The index provider’s latest S&P Indices Versus Active Funds (Spiva) scorecard found 54% of UK active equity funds outperformed its UK BMI in 2017.
However, over a 10-year period 75% of UK active equity funds underperformed the index.
The Spiva scorecard charts the performance of actively managed funds against a range of SPDJI’s benchmark indices over one, three, five and 10-year periods. The S&P UK BMI is a subset of the index provider’s Europe BMI index, accounting for 363 of its 1,666 constituents (26.8%).

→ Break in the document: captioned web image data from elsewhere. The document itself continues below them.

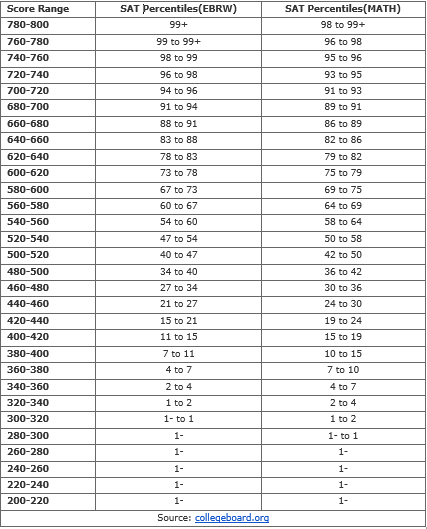 SAT range and percentile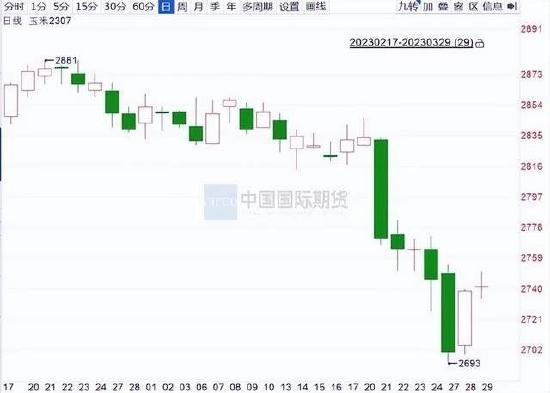 国际期货：供给充裕需求平淡 豆粕承压下跌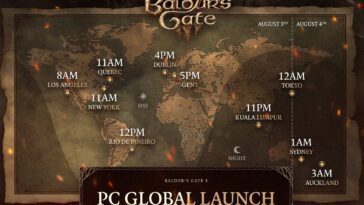 Les joueurs en accès anticipé de Baldur's Gate 3 doivent supprimer le jeu et le télécharger à nouveau en entier 4 Baldur's Gate 3 early access players must delete the game and redownload all 120GB upon launch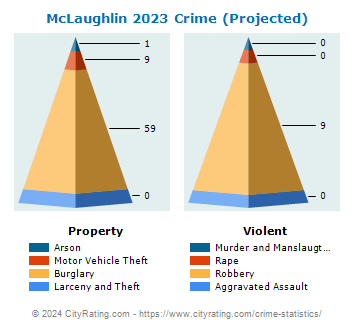 McLaughlin Crime 2023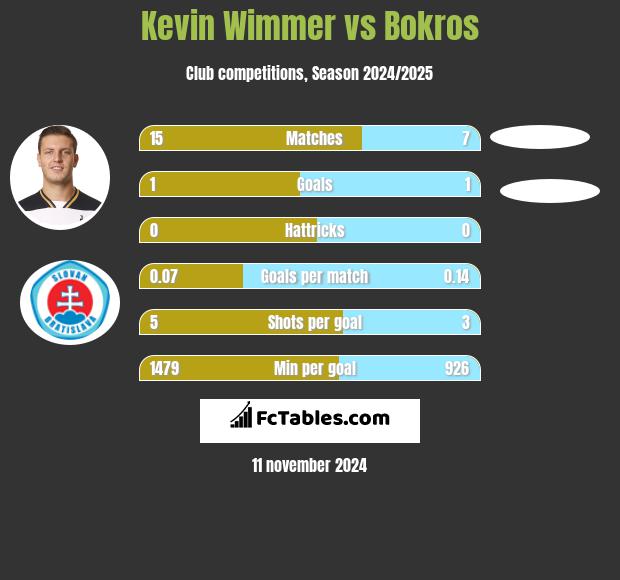 Kevin Wimmer vs Bokros h2h player stats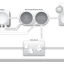Iris - Flowchart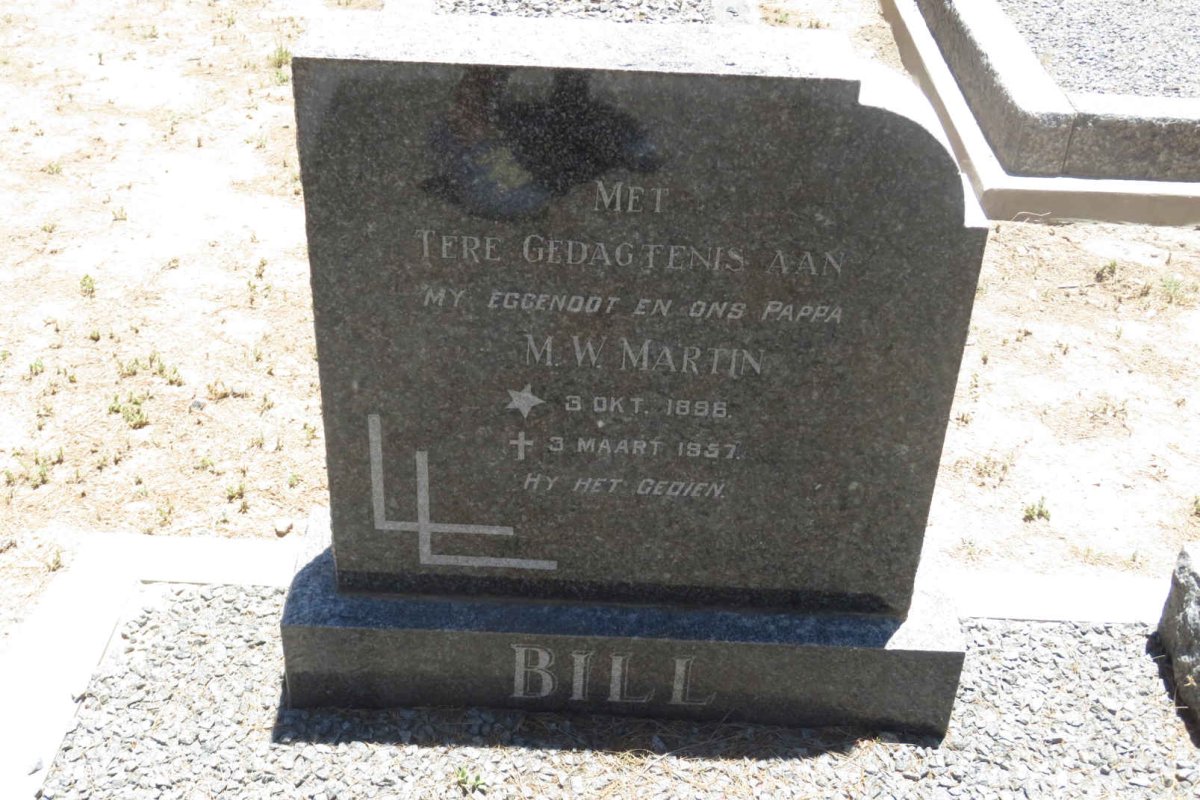 MARTIN M.W. 1896-1957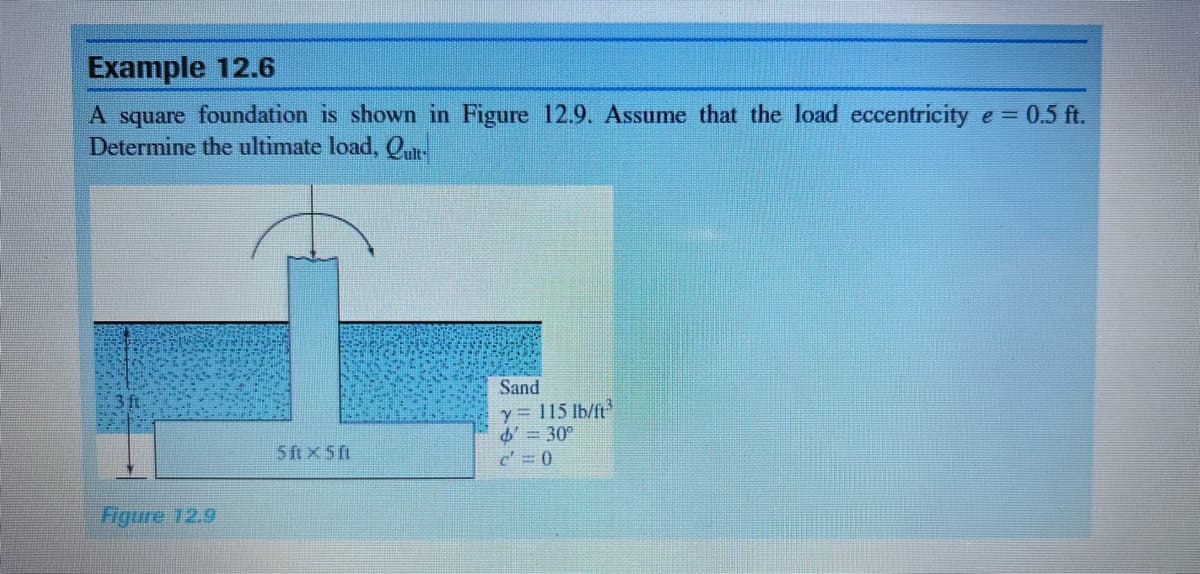 Example 12.6
A square foundation is shown in Figure 12.9. Assume that the load eccentricity e 0.5 ft.
Determine the ultimate load, Qut
Sand
y = 115 lb/ft
d' = 30°
5ft X5ft
c' 0
Figure 12.9
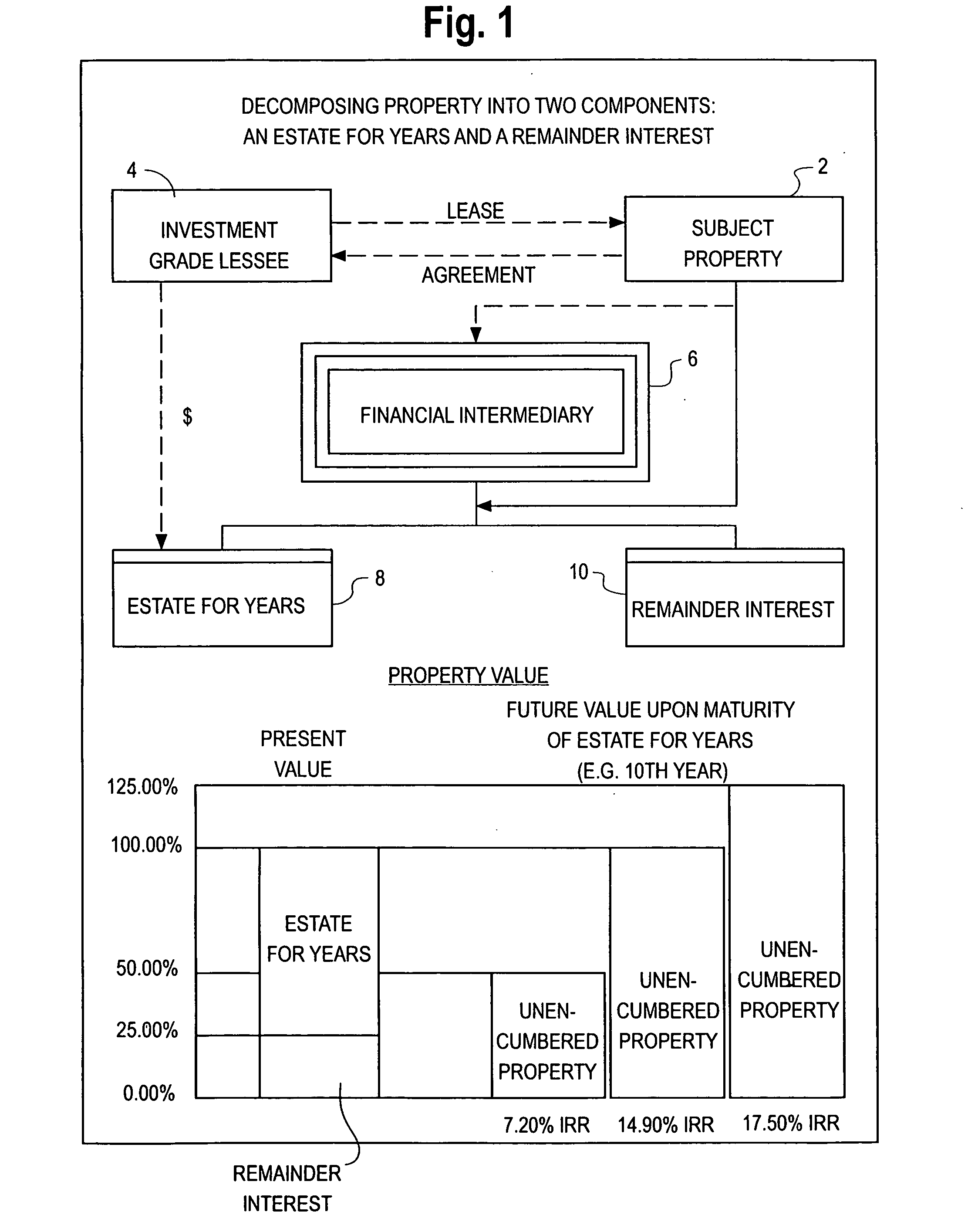 System using multiple computers in consummating a sale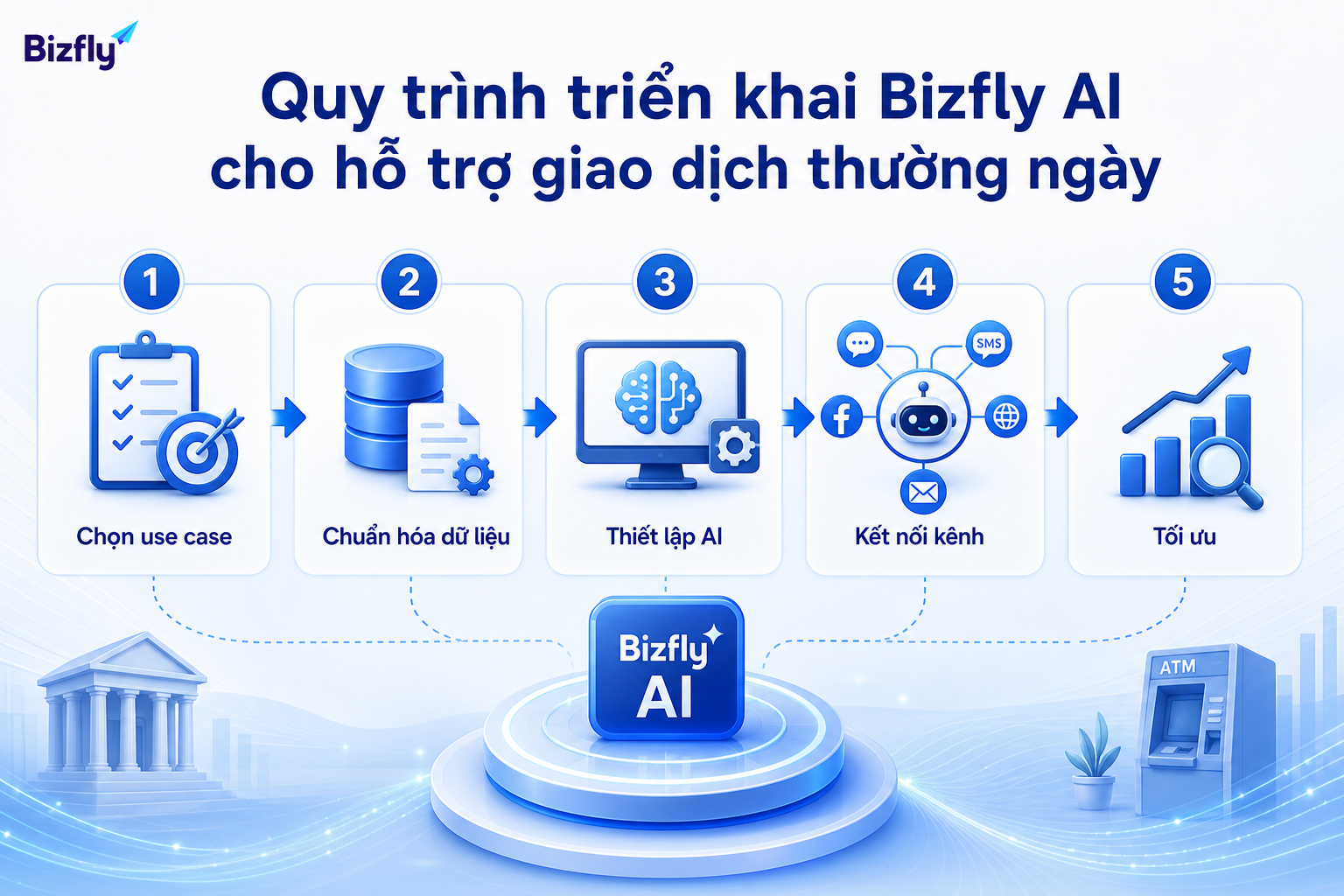 Triển khai AI nên đi từ use case rõ ràng, dữ liệu chuẩn và kiểm thử định kỳ.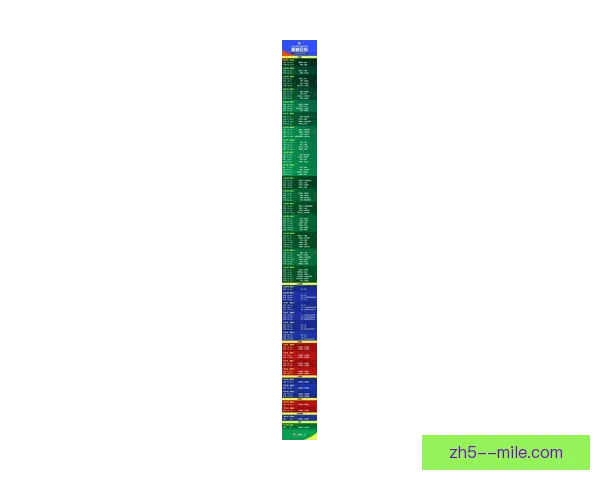 世界杯预选赛必看焦点对决汇总与各大赛区最新战况全盘点解析前瞻 世界杯预选赛必看焦点对决汇总与各大赛区最新战况全盘点解析前瞻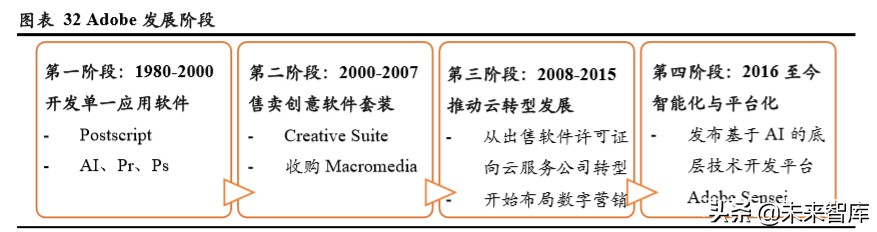 TMT行业企业在不同资本市场估值水平研究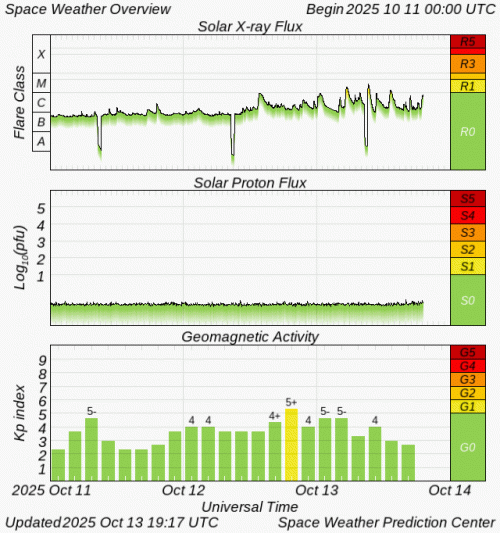 Graphs Showing Solar X-Ray & Solar Proton Flux
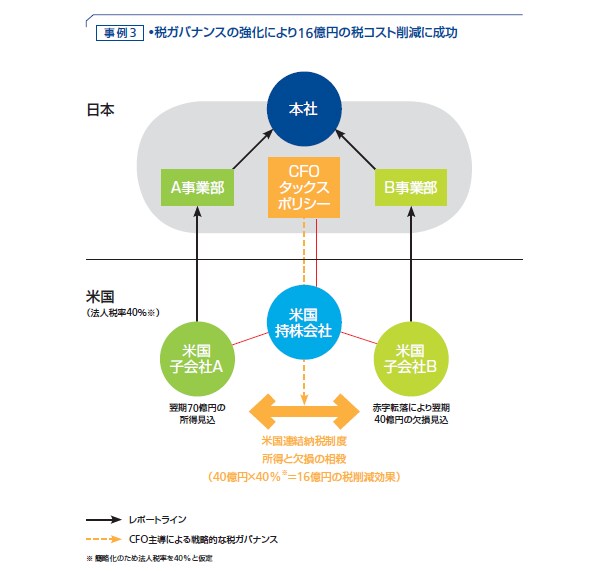 百家争鳴 第10号 税ガバナンス プロ経営者として税に向き合うということ サービス Cfoプログラム デロイト トーマツ グループ Deloitte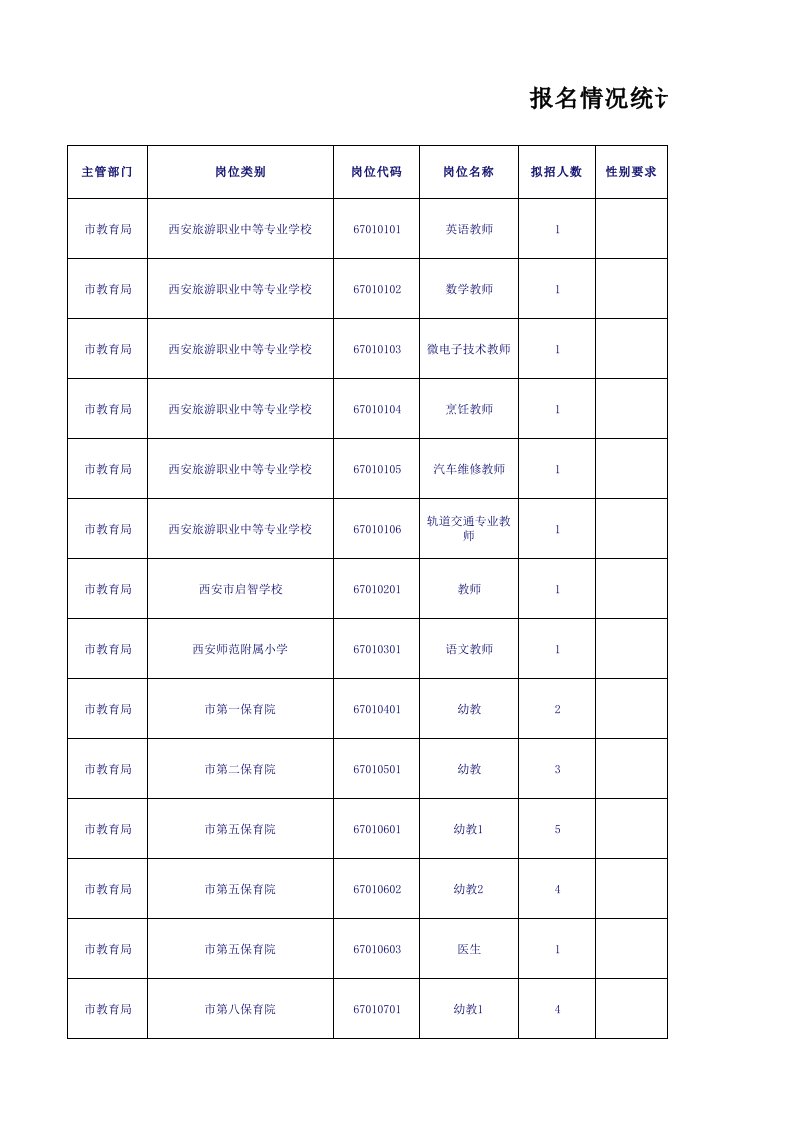 表格模板-报名统计表5月8日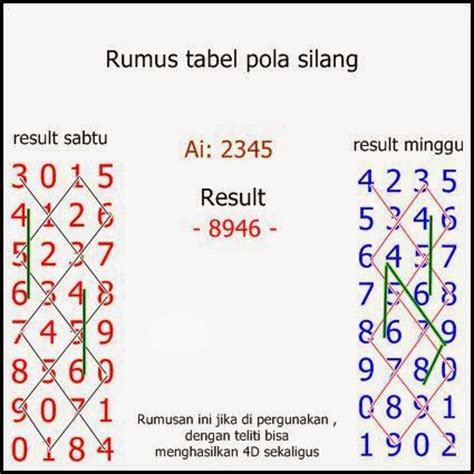 Rumus pembunuh shio ala as+shio. RUMUS TOGEL MACAU TERBARU 2015 | PROPERTI AMAZING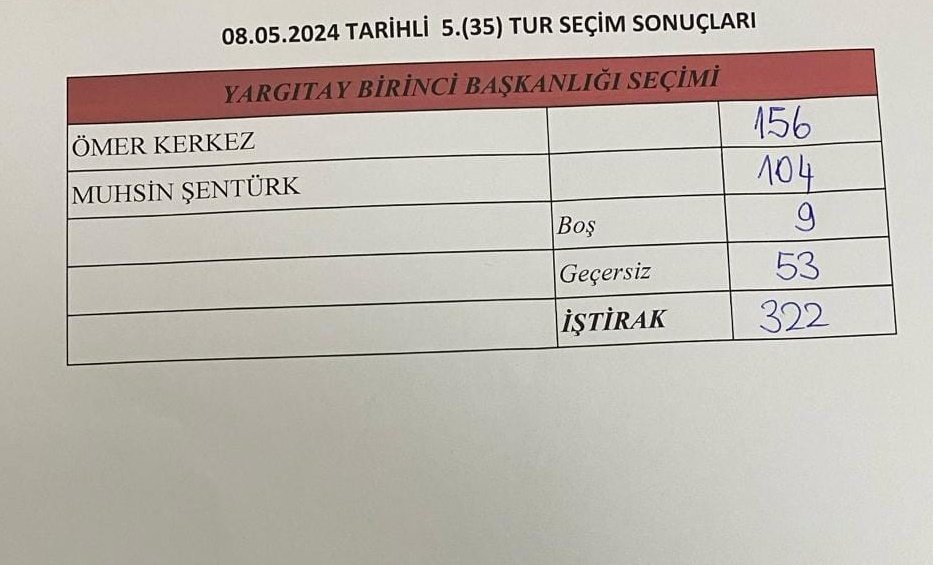 Yargıtay Başkanlığı seçiminde Ömer Kerkez seçilmeye çok yaklaştı. 175 oyu bulması için 19 oya daha ihtiyacı var. Bir sonraki seçim 13 Mayıs'ta.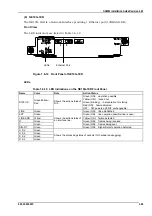 Preview for 77 page of Hitachi GR4000-160E1 Installation Manual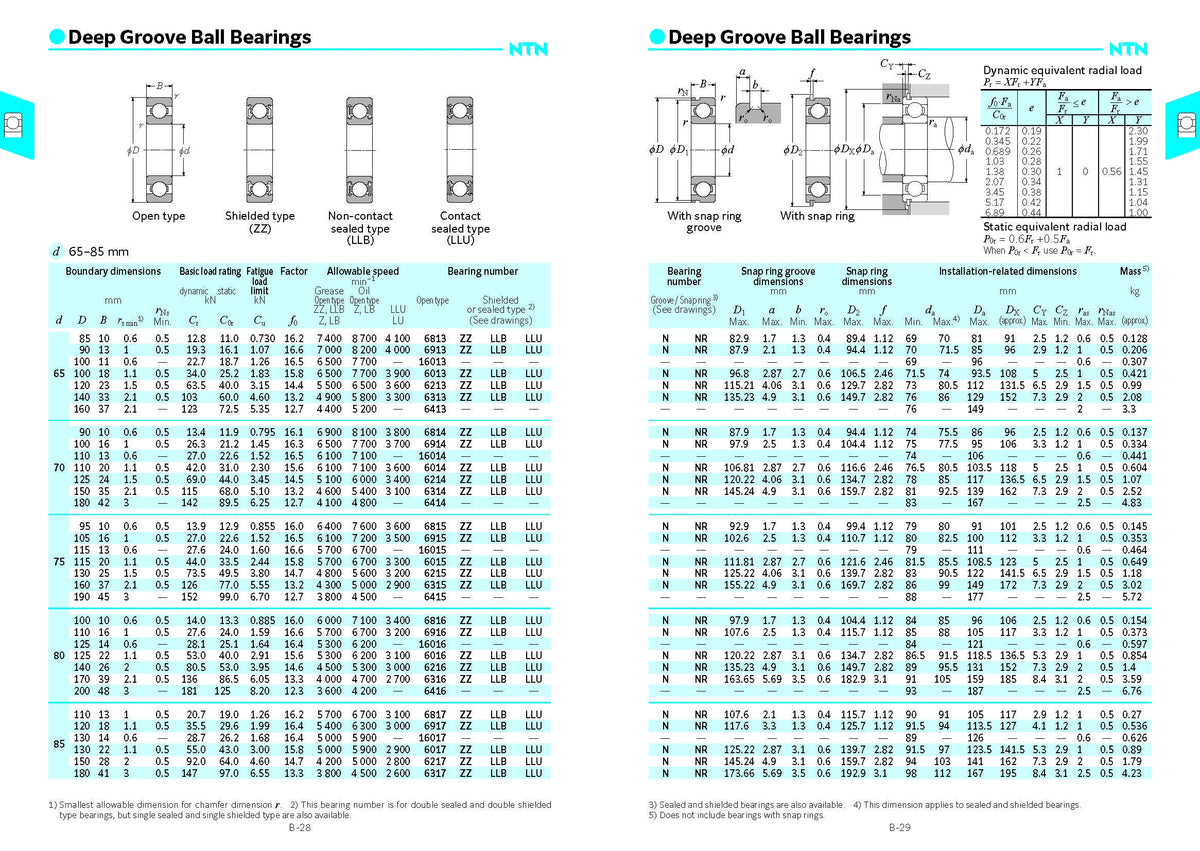 Diagrams showing specifications and dimensions for Deep Groove Ball Bearings in various sizes.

SPDJI also found active UK equity funds achieved an average asset-weighted excess return of 2% over one year and just 0.4% annualised over 10 years against the S&P UK BMI.
Small cap shines
Small cap funds performed particularly well last year. During 2017, 72% of UK actively-managed small cap stocks beat the S&P UK Small Cap index, generating average asset-weighted returns of 9% above the benchmark over the period.
However, again, over a 10-year period, the outperformance was just 0.6%.
In addition, last year 80% of managed UK small cap equity funds outperformed their benchmark, compared with fewer than half (46%) for the UK large-/mid-cap equity fund category.
The average asset-weighted returns for UK small-cap funds exceeded the S&P UK Small-Cap index by nine percentage points for the year.
Around the world
Elsewhere, 39% of actively-managed European equity funds underperformed the S&P Europe 350 index, increasing to 75% over a 10-year period.
For the US market, 67% of active equity funds failed to beat the S&P 500 over the one-year period. Over the past 10 years, 93% underperformed.
In emerging markets, 63% of actively managed EM funds underperformed the S&P/IFCI over the one-year period. This increased to 85% over the 10-year period.